> **EXERCISE INSTRUCTIONS**
Starting at the line that contains "Xert Training Pacer Rainbow Dial Post Ride" and stopping after the line that contains "Kontajner Visio LUX 43 x 52 cm, orech", transcribe the listing below exactly; do not include any pictures.

> **GIVEN DATA**
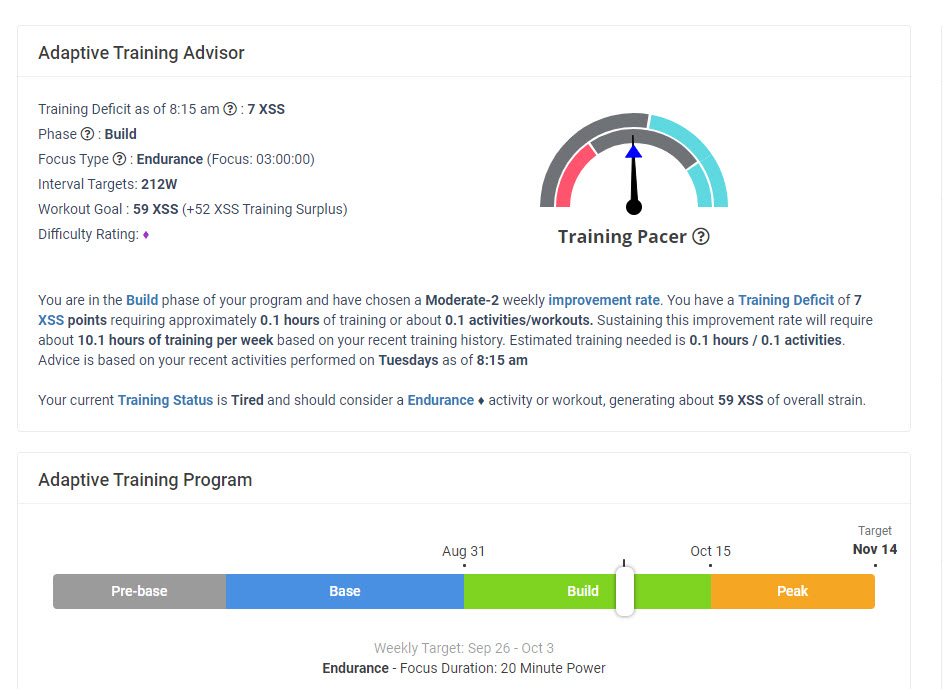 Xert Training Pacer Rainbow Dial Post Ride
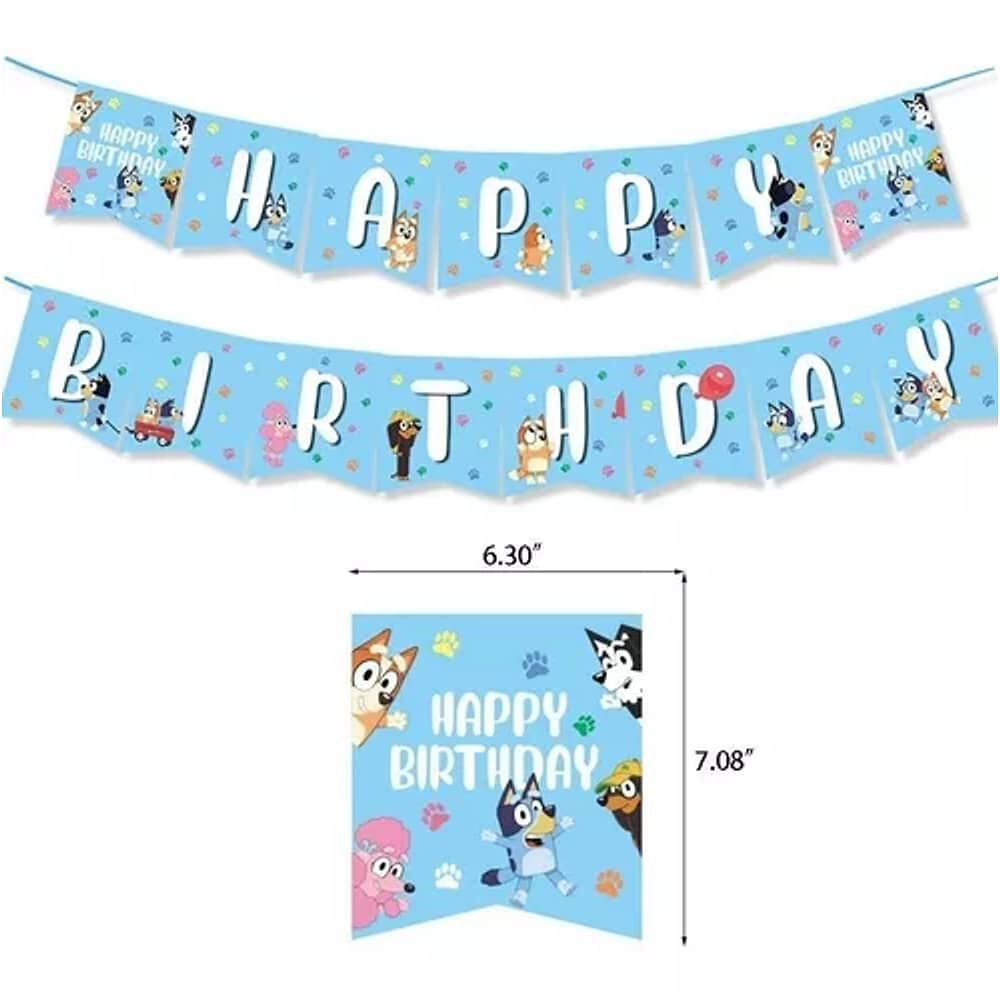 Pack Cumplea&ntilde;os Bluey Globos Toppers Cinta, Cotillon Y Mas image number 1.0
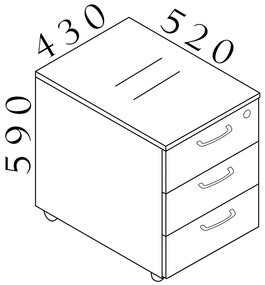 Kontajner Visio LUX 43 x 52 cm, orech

--

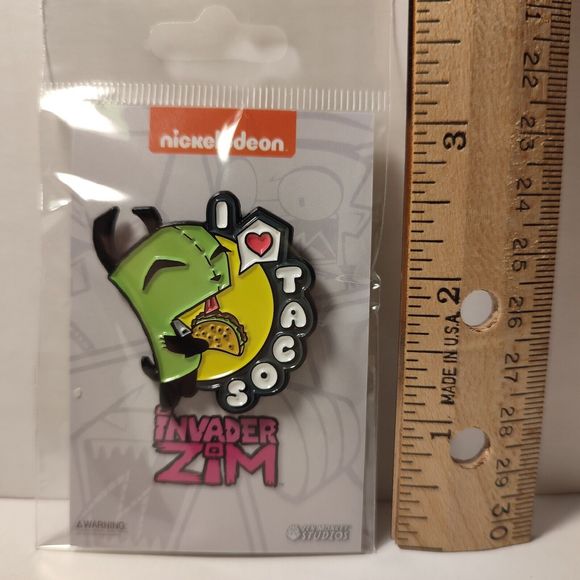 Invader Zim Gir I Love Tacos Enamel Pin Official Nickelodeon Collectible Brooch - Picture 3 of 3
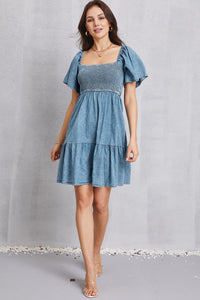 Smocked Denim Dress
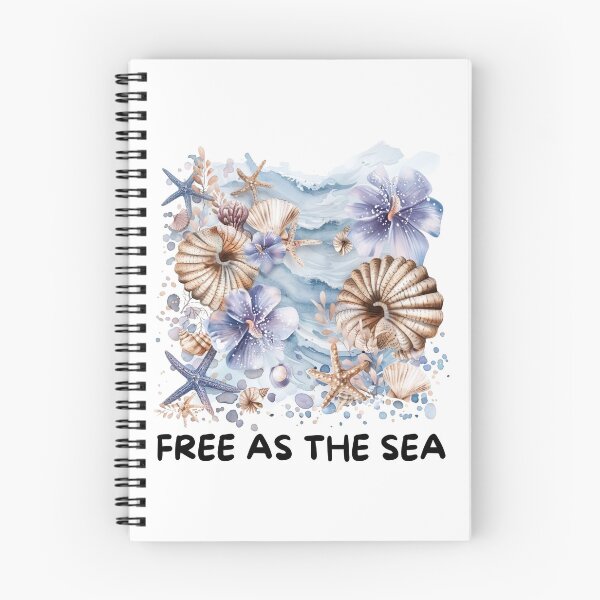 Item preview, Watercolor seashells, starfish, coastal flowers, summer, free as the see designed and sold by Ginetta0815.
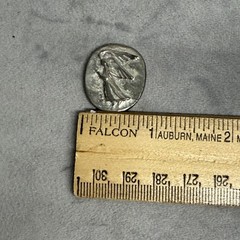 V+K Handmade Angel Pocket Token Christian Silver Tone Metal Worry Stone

> **TASK RESPONSE**
 Xert Training Pacer Rainbow Dial Post Ride
 Pack Cumplea&ntilde;os Bluey Globos Toppers Cinta, Cotillon Y Mas image number 1.0
 Kontajner Visio LUX 43 x 52 cm, orech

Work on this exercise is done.